Сын польского спецпереселенца

Ян Лех
Анатолий Дячинский, рассказавший о судьбах поляков, оказавшихся на территории Казахстана и Сибири, стал лауреатом литературной премии

Мой давний знакомый польский писатель Анатолий Дячинский родился 19 ноября 1951 года в Северном Казахстане – в семье спецпереселенцев. Правда, усеченная часть слова «спец…» в данном случае наполнена иным смыслом, прямо противоположным тем значениям, которые во всю ивановскую насаждали партийные функционеры от КПСС – спецбуфеты, спецталоны, спецприемы и т. д. О его судьбе, правда, тоже специально позаботились еще до того, как он появился  на свет божий: его родителей в 1936 году выслали без права выбора места жительства в казахскую степь, в Кокчетавскую область Казахстана (ныне - Северо-Казахстанская область).
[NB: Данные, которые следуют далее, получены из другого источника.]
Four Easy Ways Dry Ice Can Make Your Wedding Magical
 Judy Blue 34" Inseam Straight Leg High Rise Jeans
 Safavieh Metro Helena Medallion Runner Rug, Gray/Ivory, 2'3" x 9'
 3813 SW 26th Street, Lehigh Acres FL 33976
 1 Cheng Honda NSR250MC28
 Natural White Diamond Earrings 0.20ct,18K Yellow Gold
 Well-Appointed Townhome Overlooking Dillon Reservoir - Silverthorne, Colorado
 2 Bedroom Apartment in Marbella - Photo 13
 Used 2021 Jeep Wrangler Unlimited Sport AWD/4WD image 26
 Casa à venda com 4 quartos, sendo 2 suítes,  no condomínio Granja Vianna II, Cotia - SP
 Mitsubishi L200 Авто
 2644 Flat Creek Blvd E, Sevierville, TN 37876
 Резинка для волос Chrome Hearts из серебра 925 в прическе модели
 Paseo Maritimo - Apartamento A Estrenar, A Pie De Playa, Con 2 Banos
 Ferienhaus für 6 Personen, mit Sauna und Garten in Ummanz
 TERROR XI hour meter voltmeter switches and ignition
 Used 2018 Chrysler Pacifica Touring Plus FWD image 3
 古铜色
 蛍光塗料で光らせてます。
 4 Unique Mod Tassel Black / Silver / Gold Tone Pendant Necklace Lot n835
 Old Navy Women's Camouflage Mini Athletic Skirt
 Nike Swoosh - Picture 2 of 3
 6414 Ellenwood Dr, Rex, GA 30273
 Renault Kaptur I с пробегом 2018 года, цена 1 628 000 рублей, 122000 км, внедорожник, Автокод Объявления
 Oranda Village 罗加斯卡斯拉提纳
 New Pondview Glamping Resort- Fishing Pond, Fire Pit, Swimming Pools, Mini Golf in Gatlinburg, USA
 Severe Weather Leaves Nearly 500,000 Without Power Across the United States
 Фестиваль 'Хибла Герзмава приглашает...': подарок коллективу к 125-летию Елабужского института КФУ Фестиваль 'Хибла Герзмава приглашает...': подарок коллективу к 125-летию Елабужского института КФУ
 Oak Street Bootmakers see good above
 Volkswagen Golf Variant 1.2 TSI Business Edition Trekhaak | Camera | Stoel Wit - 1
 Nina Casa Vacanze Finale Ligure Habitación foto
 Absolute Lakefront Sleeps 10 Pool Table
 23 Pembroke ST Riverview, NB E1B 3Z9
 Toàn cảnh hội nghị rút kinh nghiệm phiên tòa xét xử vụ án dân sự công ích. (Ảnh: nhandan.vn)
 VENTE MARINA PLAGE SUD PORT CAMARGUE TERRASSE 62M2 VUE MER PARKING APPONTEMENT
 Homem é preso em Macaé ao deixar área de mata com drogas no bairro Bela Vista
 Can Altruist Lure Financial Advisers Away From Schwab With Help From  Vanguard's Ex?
Эта территория граничит с российской Сибирью, в частности, с Омской областью. Его отец Николай Дячинский навсегда простился, как и тысячи других поляков, с Украиной, с автономным польским районом имени Ю. Мархлевского.
Много позднее Анатолий Дячинский в документальной повести «Пани Мария» напишет о тех годах по воспоминаниям своих односельчан: «С крохотного безлюдного и унылого полустаночка, носившего название Тайнча, их отвезли за несколько десятков километров в поле и там высадили. Куда ни посмотришь, всюду степь, степь, степь.
В этой степи уже стояло десятка два длинных брезентовых палаток. Каждая такая палатка, как потом выяснилось, была  рассчитана на двадцать пять семей. Границами между «квартирами» служили огромные привезенные с собой сундуки-скрыни.
…Ни леса, ни речки, ни озера. На все село один колодец. И палящее солнце над головой. На следующий день к ним приехал комендант, высокий и строгий человек лет пятидесяти, в сопровождении двух милиционеров».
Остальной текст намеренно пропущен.